Lo curioso de todo esto es que en el parque se levantó también una pequeña construcción cilíndrica de concreto de unos dos metros de alto: sin duda, un pedestal. ¿Un pedestal para quién? ¿Acaso para la madre de Aguirre Altamirano? Si esta fue la intención pues qué bueno que no se haya concretado y quedara –usando el título del libro de César Calvo– como un “pedestal para nadie”. Me parece que esta es la hora ideal para rendir tributo a este hombre injustamente catalogado como loco. Aprovechar el pedestal levantado coincidentemente en el terreno que Moncada ocupó para erigir su legado en forma de monumento, una imagen que nos recuerde a diario a este hijo del pueblo que hizo de su vida un apostolado sui géneris, que invirtió sus energías en plasmar con palabras –desde su imaginario privativo– la crudeza de nuestra realidad y desnudarla frente a nuestros ojos.

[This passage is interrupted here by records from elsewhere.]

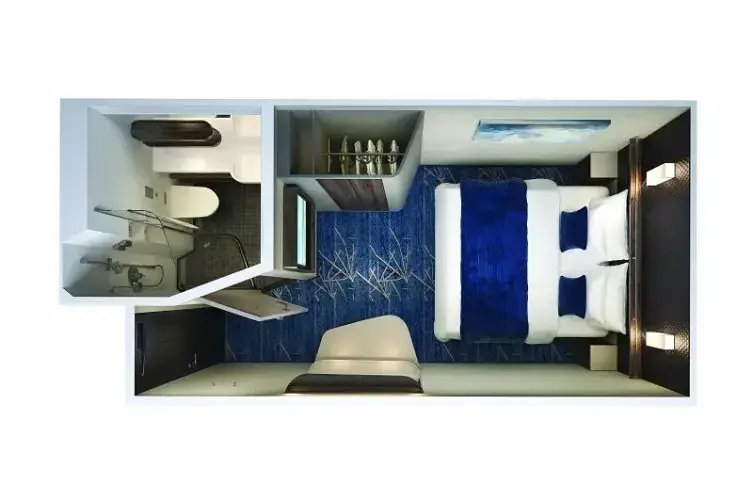 ncl_Encore_Inside_Schematic_0.webp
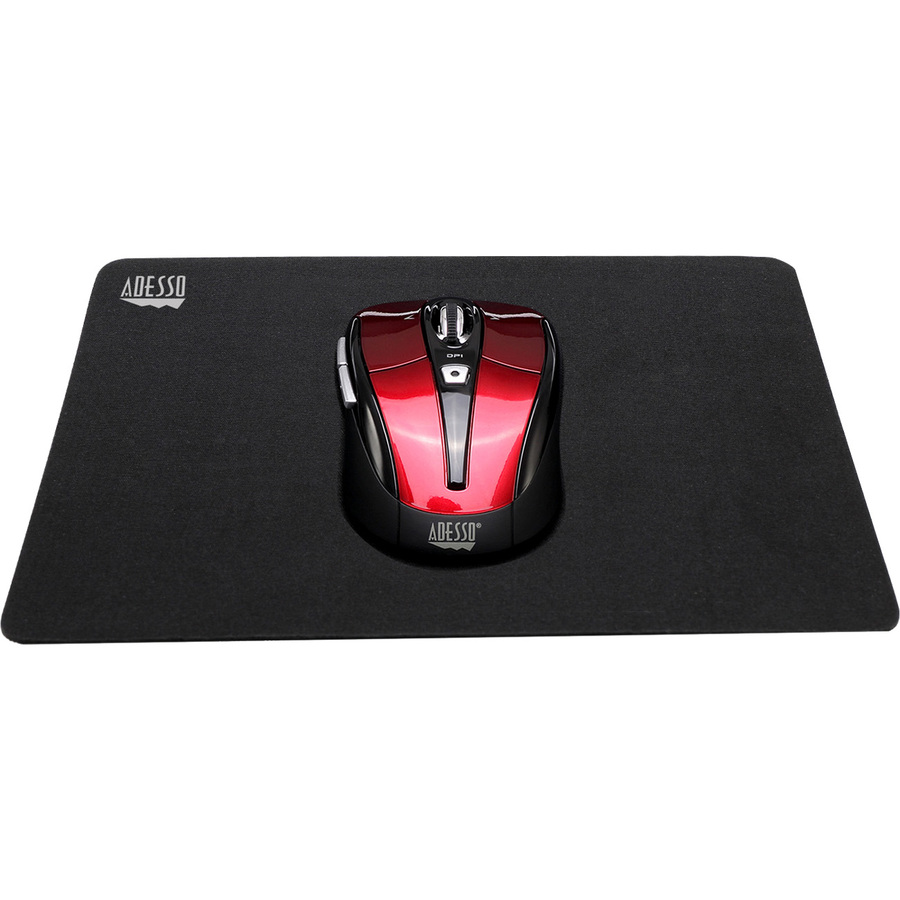 Adesso 9" x 7" Mouse Pad - Image 5
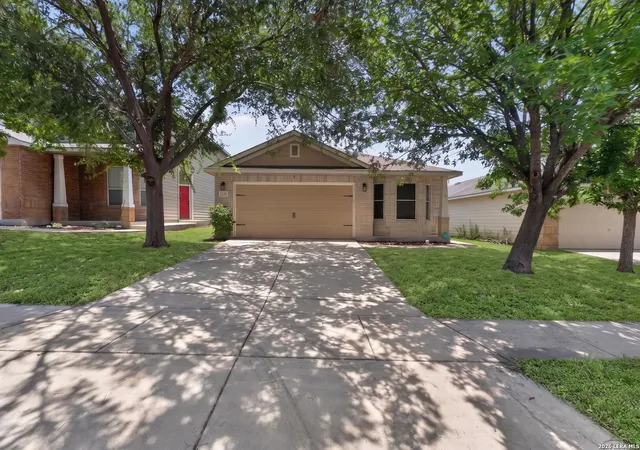 2nd image of 6238 Parsley Hl, San Antonio, TX 78238 | MLS# 1997625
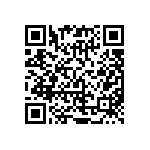 ERWE501LGB121MA50M QRCode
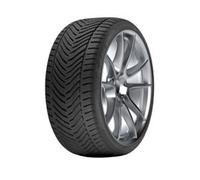 Kormoran All Season 225/50 R17 98 V XL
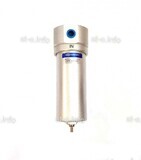 Фильтр масловлагоотделитель XOFR- MINI - st-e.info - Кострома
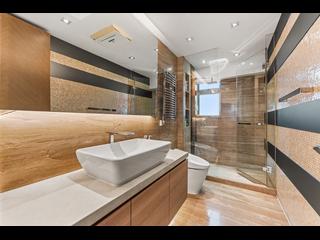 Cyberport - Residence Bel-Air Phase 2 South Tower 12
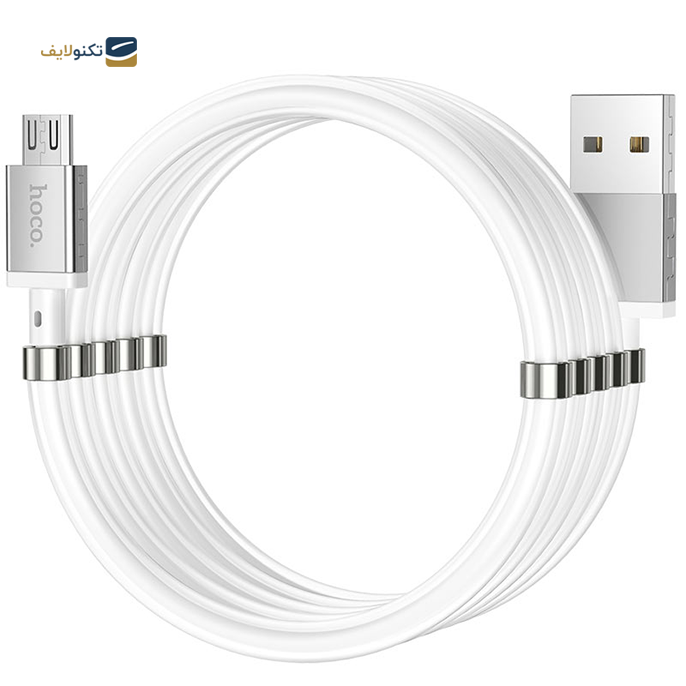 gallery-کابل میکرو یو اس بی هوکو مدل U91 طول 1 متر-gallery-0-TLP-8127_75ab24e4-fc15-4432-a86b-78f0a0141186.png gallery-کابل میکرو یو اس بی هوکو مدل U91 طول 1 متر-gallery-0-TLP-8127_75ab24e4-fc15-4432-a86b-78f0a0141186.png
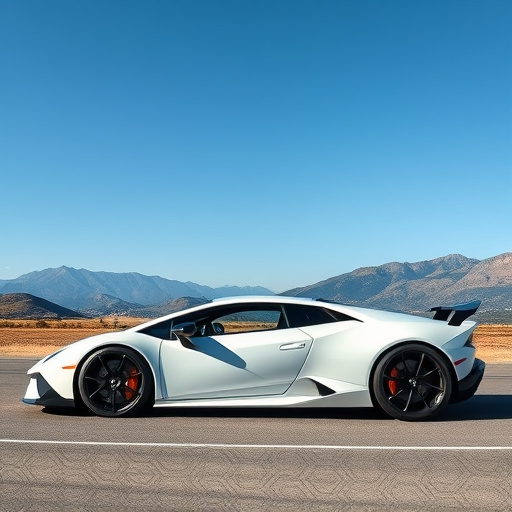 super car,sports car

Entender a Moncada no es fácil. Por suerte, alguien como Arguedas tuvo la suficiente sensibilidad de captar aquel designio insólito de hablar con la boca de su espíritu crítico, un designio que cumplió no con la intención de hacernos daño, sino de sacudir nuestras almas con las privilegiadas herramientas de su condición humilde.
1 comentario:
cesar angeles L:
Debiera tomarse en serio esta iniciativa allá en el rico Chimbote, y hacer una cruzada efectiva que logre una escultura a la altura ética y estética del personaje (i de Arguedas de paso). En realidad, las ciudades no siempre tienen la escultura pública algo a la altura de sus signos i su historia. Lima es un triste ejemplo: lo ke suele hacerse con Vallejo, por ejemplo, linda con la estupidez y el feísmo. Ojala haya gente sensible y que pueda dirigir un buen proyecto en Chimbote. Quizá no solo una escultura, sino un ‘espacio Arguedas’, donde la lembranza física de Moncada sea parte genial, i axial, de este espacio que ayudaría arevitalizar la alicaída vida social i cultural de Chimbote, i ke de esta manera se contribuya a mover hacia adelante la testa de tantos que siguen anclados en una gris cultura criolla o criollaza. Dicho sea de paso, esa imponente escultura al obrero, que identificaba bastante bien a una ciudad proletaria como Chimbote, fue desalojada de su lugar urbano central. Y asimismo había antes, cerca de aquel monumento, una escultura minimalista, gris y ridícula al maestro. Todo eso no son sino síntomas de un Chimbote que se niega a cambiar hacia adelante, i que algunos quieren que siga siendo un lugar de extracción, juerga i comercio de diferente tipo, cuando también es verdad que esta ciudad tiene otros vectores y líneas fértiles que usualmente sus autoridades –públicas i privadas– descuidan adrede. Por ejemplo, sus diversos aportes a la literatura peruana contemporánea.